Scaling down support?

Orban, Fico and Wilders have all posed as peacemakers.

In a May 2022 poll, the ECFR found a larger group of Europeans in favour of peace at the cost of partitioning Ukraine than in favour of justice whereby Ukraine would fight to regain all its lands.

In March last year, the justice camp beat the peace camp 38-29. The ECFR attributed this to Ukraine’s battlefield successes, unity of the left and right on Ukraine, and the strength of US leadership.

Now the pendulum appears to be swinging back in the peace camp’s favour, Zerka said, because two of those factors, the US role and battlefield success, “have started to evaporate”.

Like the EU, the US has delayed approving military aid for Ukraine this year.

British historian Mark Galeotti agreed that the US factor is key.

“I think that if the Americans start to genuinely scale down their support for Ukraine, it will be an excuse for a lot of European countries to say, ‘Well, there’s nothing much we can do,’ rather than thinking, ‘We should actually rise to the challenge. This is, after all, our continent,’” Galeotti recently told the podcast Futucast.

Hungary has made different choices

For Hungary, at least, opposition to Ukraine is about more than picking up votes.

Hungary has been wooing Chinese and Russian investment since Orban came to power in 2010.

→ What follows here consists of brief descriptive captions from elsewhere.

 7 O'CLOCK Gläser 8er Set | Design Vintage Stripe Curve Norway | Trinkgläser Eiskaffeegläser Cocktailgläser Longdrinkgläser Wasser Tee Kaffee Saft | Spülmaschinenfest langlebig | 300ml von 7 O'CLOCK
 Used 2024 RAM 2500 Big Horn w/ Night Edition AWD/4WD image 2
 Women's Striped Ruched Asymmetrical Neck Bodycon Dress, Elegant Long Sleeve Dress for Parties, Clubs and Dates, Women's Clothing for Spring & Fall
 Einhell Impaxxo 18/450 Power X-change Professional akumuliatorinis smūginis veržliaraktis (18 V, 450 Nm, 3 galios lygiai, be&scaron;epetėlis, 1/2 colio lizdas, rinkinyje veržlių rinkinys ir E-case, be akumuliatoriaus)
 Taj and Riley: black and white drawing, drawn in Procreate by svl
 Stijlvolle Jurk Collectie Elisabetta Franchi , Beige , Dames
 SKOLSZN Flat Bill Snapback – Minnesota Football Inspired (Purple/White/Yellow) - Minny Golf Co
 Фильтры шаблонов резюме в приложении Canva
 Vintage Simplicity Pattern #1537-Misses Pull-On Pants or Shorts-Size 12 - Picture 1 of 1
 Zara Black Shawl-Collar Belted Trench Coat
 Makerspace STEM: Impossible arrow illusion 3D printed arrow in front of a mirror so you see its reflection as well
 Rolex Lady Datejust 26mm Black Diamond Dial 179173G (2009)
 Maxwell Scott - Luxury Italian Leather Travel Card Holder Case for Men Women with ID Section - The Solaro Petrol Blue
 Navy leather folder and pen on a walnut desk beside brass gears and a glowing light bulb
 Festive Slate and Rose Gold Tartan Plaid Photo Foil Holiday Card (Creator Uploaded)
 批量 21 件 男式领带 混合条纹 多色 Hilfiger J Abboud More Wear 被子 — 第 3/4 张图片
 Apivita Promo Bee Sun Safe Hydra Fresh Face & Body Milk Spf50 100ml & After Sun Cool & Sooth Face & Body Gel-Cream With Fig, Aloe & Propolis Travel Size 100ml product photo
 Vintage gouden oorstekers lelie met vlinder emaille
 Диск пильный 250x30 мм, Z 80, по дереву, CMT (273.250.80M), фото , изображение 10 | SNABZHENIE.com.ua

In 2013, Hungary became the first country other than China to sell a renminbi-denominated bond on the international market. Four years later, it became the first Eastern European country to sell a renminbi bond in China itself.

Placing itself in financial parlance with China paid dividends, Jens Bastian, a fellow with the German Institute for International and Security Affairs, told Al Jazeera.

“[Hungary and Serbia] are the leading recipients of Chinese foreign direct investment in 2023 in Central and Eastern Europe,” Bastian said.

China is building and partly financing a Budapest-Belgrade high-speed railway. Chinese electrical vehicle battery manufacturer CATL is investing $7.6bn in the Hungarian city of Debrecen for the construction of a battery plant.

“It would be Europe’s largest electrical battery facility. It would be CATL’s single-largest overseas investment and its second facility in Hungary,” Bastian said.

As it invests in a manufacturing economy, Hungary seeks cheap energy, Miklossy said, and is one of a group of landlocked EU members (with Slovakia, Austria and the Czech Republic) that successfully fought for exemptions from a 2022 ban on Russian oil imports.

Some of these countries, Bastian said, amount to “an axis of the unwilling among EU and NATO members who are in effect doing Putin’s bidding”.

For example, in addition to vetoing Ukraine aid, last month Orban also forced Bulgaria to lift transit fees on Russian gas bound for Serbia and Hungary.

But what looks like economic interests also has political importance, Bastian said.

“They are showing the EU, multilateral organisations like the European Bank for Reconstruction and Development, the International Monetary Fund, the European Investment Bank, ‘We are looking for and are successfully finding alternatives.’”

Why? Because “Orban and Fico want to see a very different EU … not based on rule of law,” Tymofiy Mylovanov, director of the Kyiv School of Economics, told Al Jazeera.

“It’s … a collection of countries with authoritarian populist leaders. They don’t want to exit the EU. They want to change the rules. They don’t want to play by the Brussels rules.”